We found some waves between the rocks. We swam around them, the water was clearer here. We saw plenty of fish, damselfish and many very big and bright saddled seabreams. Cretan parrotfish, of course. We passed some submerged rocks, circled the big rock sticking out and swam back. A beautiful swim.

We walked into town for an ice-cream, then drove home.


Total distance: 33.61 km
Max elevation: 759 m
Min elevation: -9 m
Total climbing: 876 m
Total descent: -856 m
Total time: 02:16:25
Download file: Ebike-Paleochora-Sougia-Short05092019.gpx

A day in Antikythira

On a hot July day, we embarked on a day trip to the small island of Antikythira.

E-bikes in Antikythira!

E-bikes in Antikythira!

Antikythira is really a small, wild rock in the middle of the sea, between Crete and the Peloponnese.

An old resident, with an Aussie intonation from a lifetime spent downunder, recounted a condensed, local version  of the island’s origin myth for us.

God was creating the land, mainland Greece. He was using soil to make the big, vast plains. He flicked a few of the remaining small rocks around in the sea. A tiny one landed here; thus our island was born.

We took with us our new favourite mean of transport, our e-bikes. We would have some help on the steep local roads.

When you arrive in Antikythira, you are greeted by a few locals expecting people or stuff from the 3-times-a-week ferry. Residents seem bemused to receive visitors, but they are quick to be welcoming, offer information and generally show friendliness. We struck more conversations in Antikythira in one day than in a week of regular life back home.

On landing, you are also instantly offered a taste of the landscape. The only road from the harbour and main town goes up the steep hillside, with a slope somewhere between 10 and 20%. The vegetation is low bushes and climbers. Rocks and red earth. Even the goats are sparse.

The power of our legs combined with the electric motor, makes the climb doable. When we get to the top, we opt to visit a small bay a little way North of Potamos village, on the way to the dwelling of Patakiana, where the map shows we might be able to get in the water from the rocks.

We cycle up and down the main road inland, then take a turn and soon we’re on a dirt road in good conditions. After a little while, we park our bikes and descend walking towards the coast. The rocks are dark and hot, but walkable. The sea is beautiful, calm, cool and clear. There’s a small traditional fishing boat in the bay, laying nets, and nobody or nothing else.

We jump in the sea for a swim all together, in awe of the wilderness surrounding us. After the family swim, I set out swimming towards the small rocks out at sea visible from the shore, about 700m away, expecting good snorkelling grounds. I am rewarded by shoals of countless fish around the shallow rocky reef on the edge of the tiny island. There’s not a wave, but a strong current is pushing against the steep side of the reef.
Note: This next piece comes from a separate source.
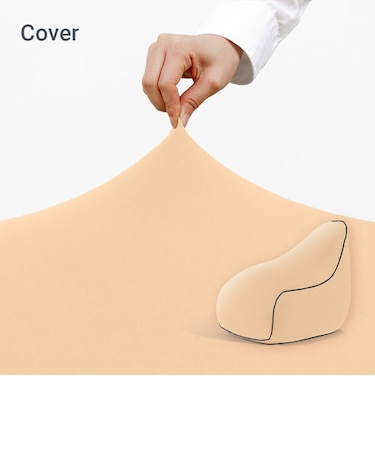 Yogibo Lounger（ヨギボー ラウンジャー）用カバー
I swim around the rocks, along the sheer underwater cliff on the Eastern side. I find a gap between the rocks and swim through it, getting back to the sheltered, main-island-facing side with its shallow underwater rocks.

After our swim, we have our picnic on the dark rocks. Then we decide to go see the other side of the island. We retrace our steps on the ebikes for a while, then turn towards the scenic bay of Kamarela. This is an enclosed, rocky bay on the West side of Antikythira, with postcard-worth views of rock arches from the top and an exit to the sea. We find some shade on the tiny beach and go snorkelling again. We venture through the exit out in the open sea, where the sea-bottom drops steeply as to remind us of our limits. We stay close and get back after seeing fish, sea snails, crabs, shrimps, starfish.

We hear more stories, about the Italian and German viewing posts in the area, from a local shepherd. We decide to leave exploring those paths, and the rest of the island, for another time.

Back in the main town, we eat some delicious food at the local taverna, again peppered with some local stories and conversations with the only other fellow visitors we have seen around.

After dinner, we use the spare energy to walk to the church at the top of the town. We absorb the view of the small bay as the day ends, anticipating the appearance of the ferry that will soon take us home.


We promise to return for more adventures.